According to him, the project will help track patients’ experiences in hospitals, with a view to enhance service delivery.

Abah said this would also allow hospitals personnel, especially doctors and nurses, to be held accountable for their responsibilities.

He added that this would also help change the perspection the public had on some of the government hospitals as well as making it easier to see doctors in these hospitals.

“On the 3rd of July, we are starting a piece of work that will make it easier to see a doctor in government hospitals.

“We have done a presentation to the National Centre for Disease Control, we hope to do the same with NAFDAC and Primary Healthcare Development Agency.

“We are working with the minister of health on that and it will be funded from the 2017 budget and he has given approval to all the health agencies to cooperate with us.’’

According to him, the bureau is collaborating with UK DFID and we have selected three hospitals in each state – one teaching hospital, one general hospital and one specialist hospital.

Abah added that the four pilot states were the Federal Capital Territory (FCT), Lagos, Enugu and Kano, adding that the project would be expanded to cover other states.

“We are hoping that the data gathered from these places will give us rough estimation of what will happen in other areas.

“Generally, we will be looking specifically at the ease of accessing doctors and the waiting times that it takes a patient to see a doctor in our hospitals.

“We are going to be looking at a lot of things ranging from the queuing system, signs that tells you where to go, how quickly are you seen by a nurse immediately you arrive.

“Do you know when the doctor will be there, what the referral system is, how accident emergency, pharmacy, Gynae works?
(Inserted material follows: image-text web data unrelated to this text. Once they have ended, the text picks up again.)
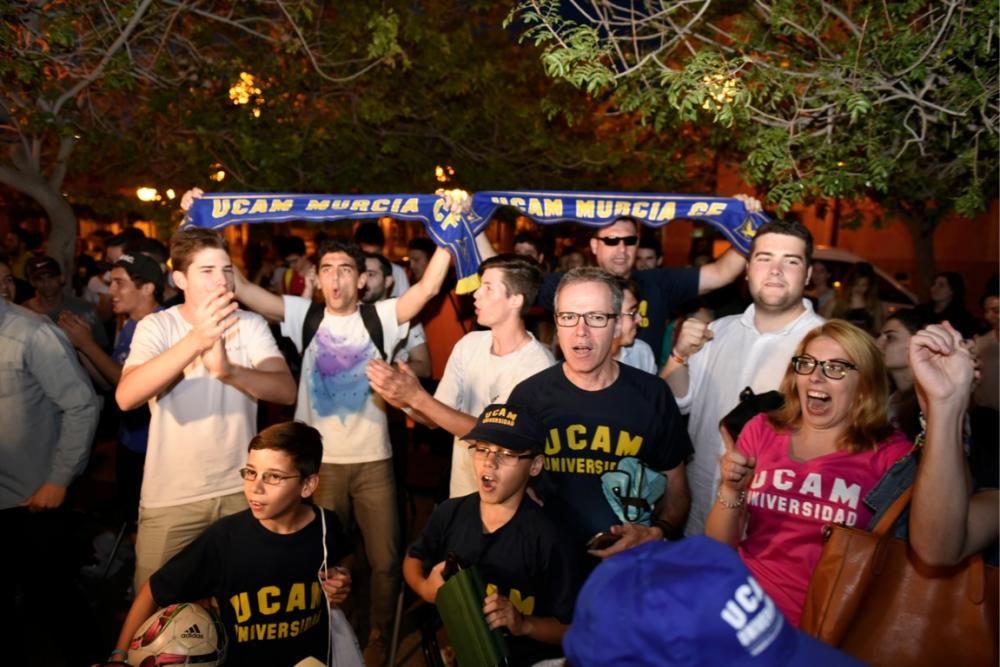 Los aficionados del UCAM lo celebran desde la universidad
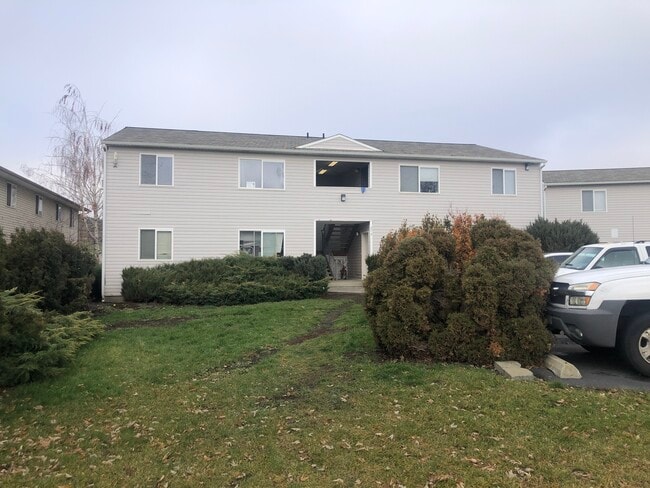 Building Photo - 270 NW Clay Ct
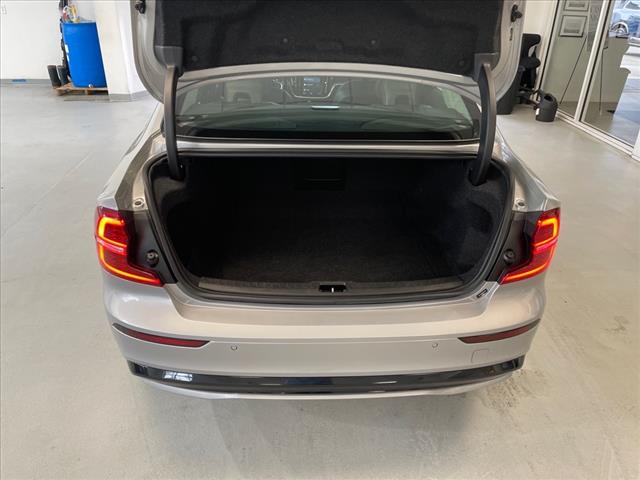 2024 Volvo S60 B5 Core Dark Theme - Photo 15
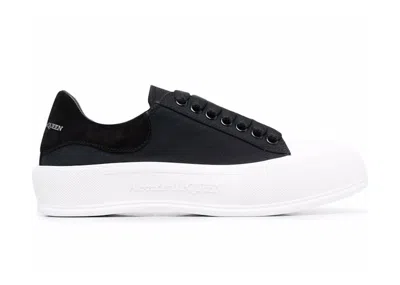 Pre-owned Alexander Mcqueen Men's  Deck Skate Plimsoll Laceup Sneakers In Black/white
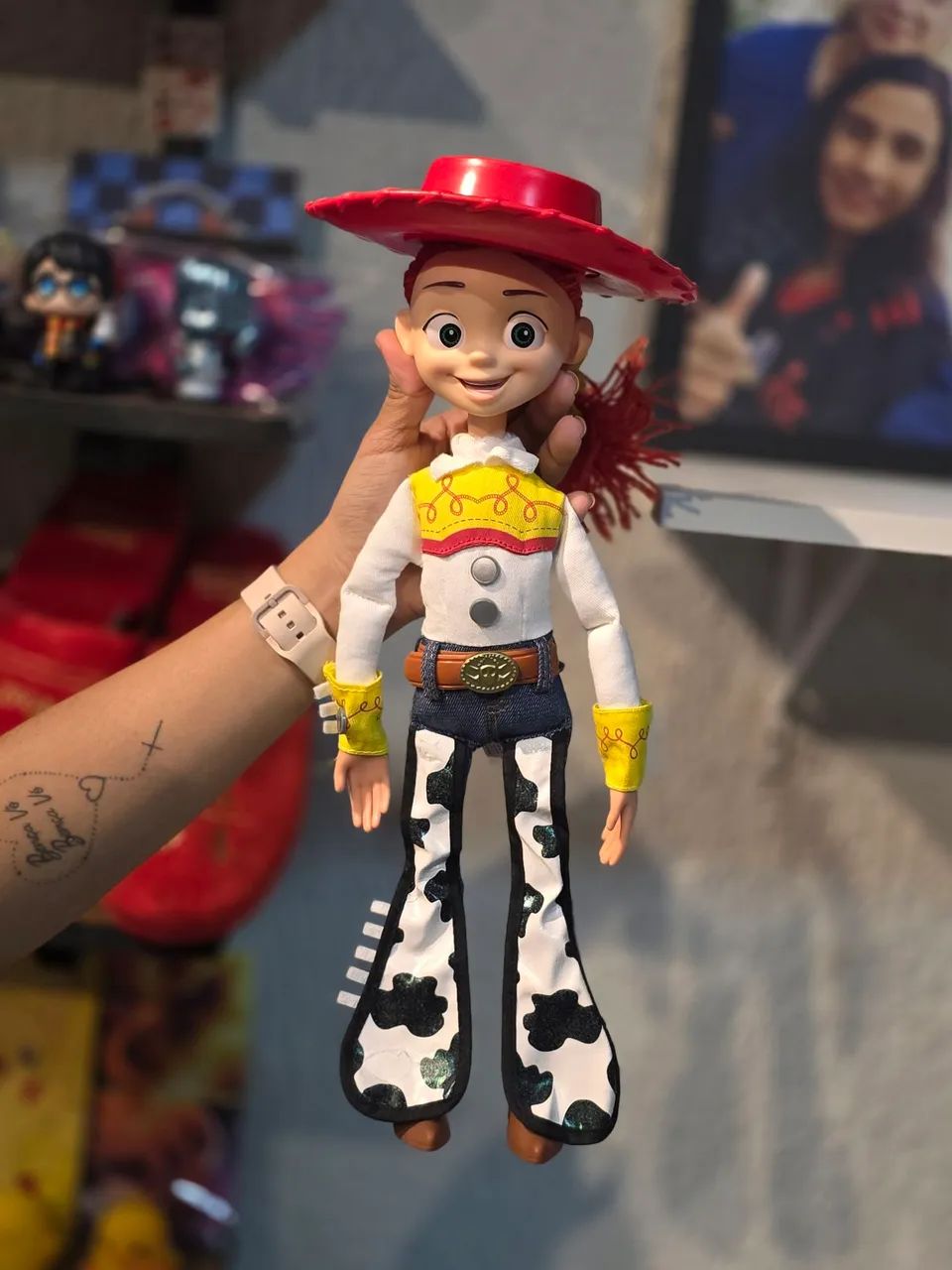 Woody E Jessy Toy Story bonecos colecionáveis  - Foto 4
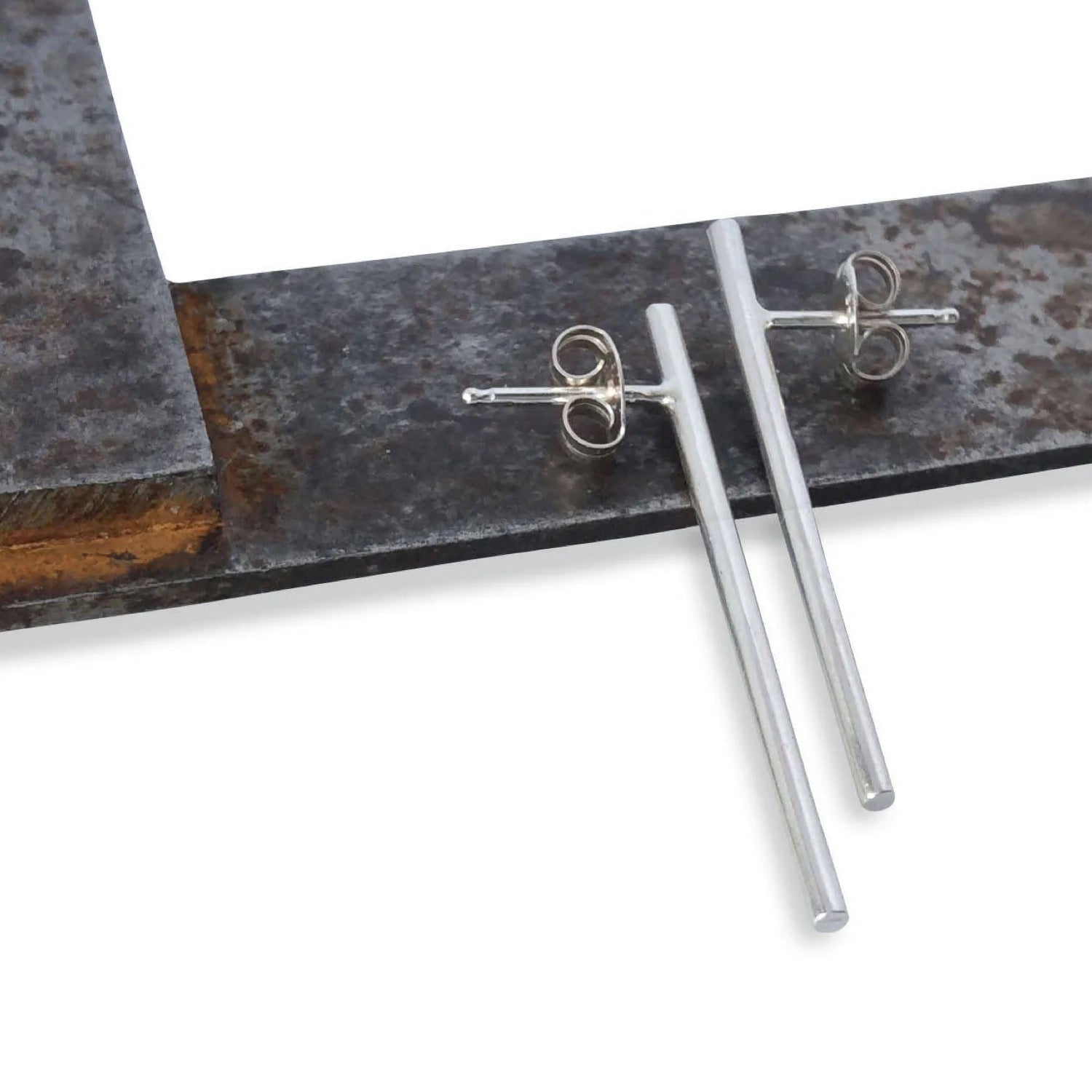 SILVER BATTON BAR STUDS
“These and many and the whole experiences of seeing a doctor when you get to the hospital is what we are trying to track,’’ he said.

Abah noted that though the work required intellectual capacity of staff who would be engaged in the field work, he added that it would also be done digitally through a survey application.

He also said that the minister of health had instructed that “we develop a ranking system after the work had been completed”.

He said that this would enable the citizenry to be able to know the good and the bad hospitals in the country.

This, he also said, would serve as a wakeup call for hospitals that were not doing well to improve on their service delivery.